To fully understand what something is, you need to explore its past, present and possible future. This timeline will give you a richer understanding of what psychotherapy is and how it evolved.
Before Freud and other early psychologists such as Wilhelm Wundt, philosophy was the closest thing to therapy. It was the only field that explored human behavior and mental health.
“Psychology is an offshoot of philosophy,” psychologist Bart Rossi told Talkspace.
Rossi cited schools of philosophy such as rationalism and empiricism. He also said philosophers including Immanuel Kant contributed to the development of therapy.
One of the best examples of philosophy informing psychotherapy is existential therapy, which is derived from existential philosophy. Existential psychotherapist Irvin Yalom, who shaped the field of modern existential therapy, said existential philosophers such as Nietzsche inspired his work.

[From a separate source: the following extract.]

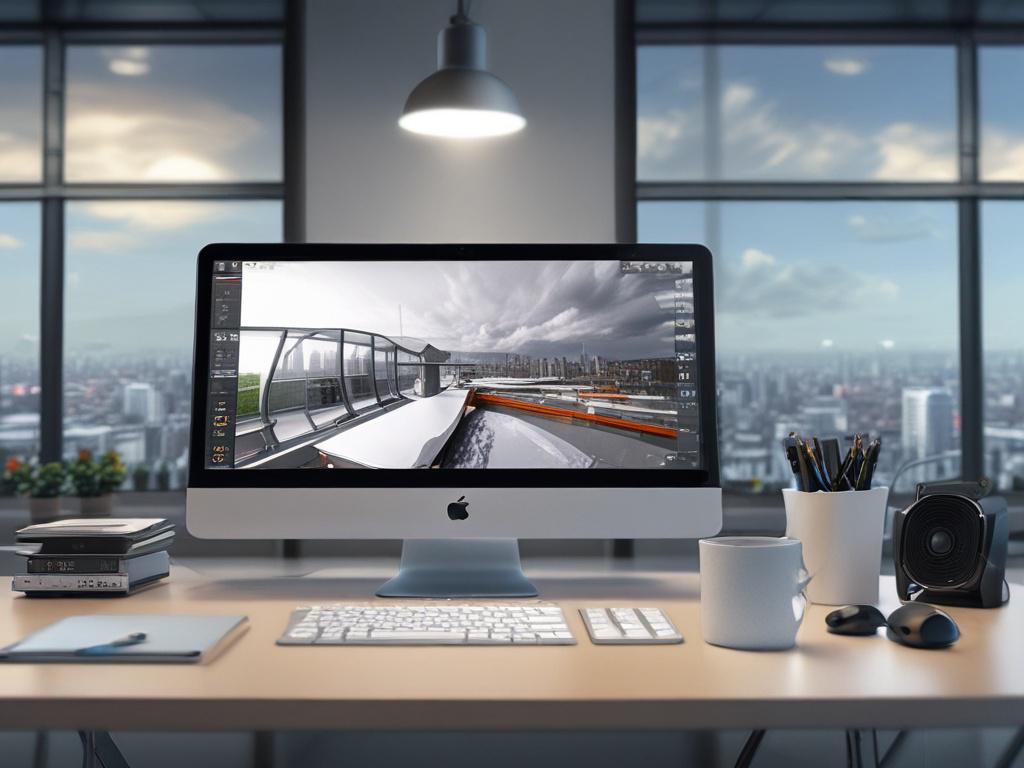 A hyper-realistic close-up shot of a modern workspace featuring a computer with advanced software interfaces displayed. The background should be elegantly blurred to emphasize the computer screen. The color scheme should include shades of dark blue, creating a professional ambiance. The image should evoke a sense of innovation and technology, showcasing tools used in software development and automation.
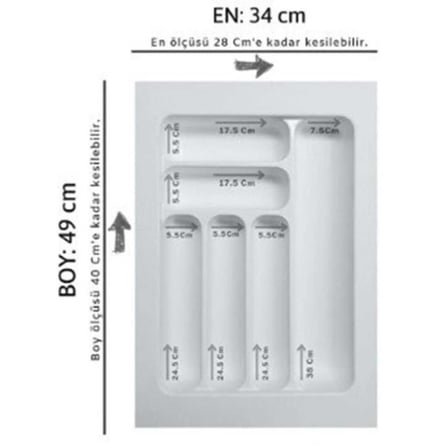 Starax 40 Cm Beyaz Plastik Kaşıklık 6 Gözlü 34x49 Cm (S-2283-WP)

What Was Therapy During Freud’s Time and the 20th Century?
Because Freud was a psychiatrist, early psychotherapy was mostly about reducing symptoms. It followed a medical model rather than the wellness/medical model we see today. Therapy was for “patients” with diagnosable mental illnesses, not “clients” who see a therapist for various reasons.
“I think in the past, therapy was centered around ‘fixing’ what was ‘wrong’ with people,” said therapist Kristen Martinez. “Certain people thought they were the healthy ones, and psychotherapy focused on getting ‘unhealthy’ people to be healthy like them.”
What Is Therapy Now?
Modern psychotherapy tends to balance a wellness and medical model. Therapists want to reduce symptoms in people dealing with mental illness, but they focus more on the person.
CBT changed the definition of therapy, according to Rossi. It is now more behavior-focused and does not use the dynamic approach as often.
The advent of online therapy has also appended what therapy is. Although earlier definitions of therapy did not explicitly describe it as occurring only in-person, it needed to happen in an office because the Internet did not exist.
Earlier definitions also implied therapy could only take place in “sessions” where the therapist and client scheduled a meeting or phone call. Because of technology and approaches such as the asynchronous texting Talkspace offers, therapy does not require sessions.
What Will Therapy Become?
The basic definition of therapy seems here to stay, but there are trends that will expand the answer to the question of what therapy is.
Here are some trends that might evolve the definition of psychotherapy:
- More technological advances in online therapy
- Virtual reality
- Integration of medical care
- More focus on the therapeutic relationship
- More cultural consideration
- New CBT approaches
Now that we’ve discussed what therapy is, take a moment to think about what it can do for you. The titular question is also an opportunity to improve your mental health and live a happier life.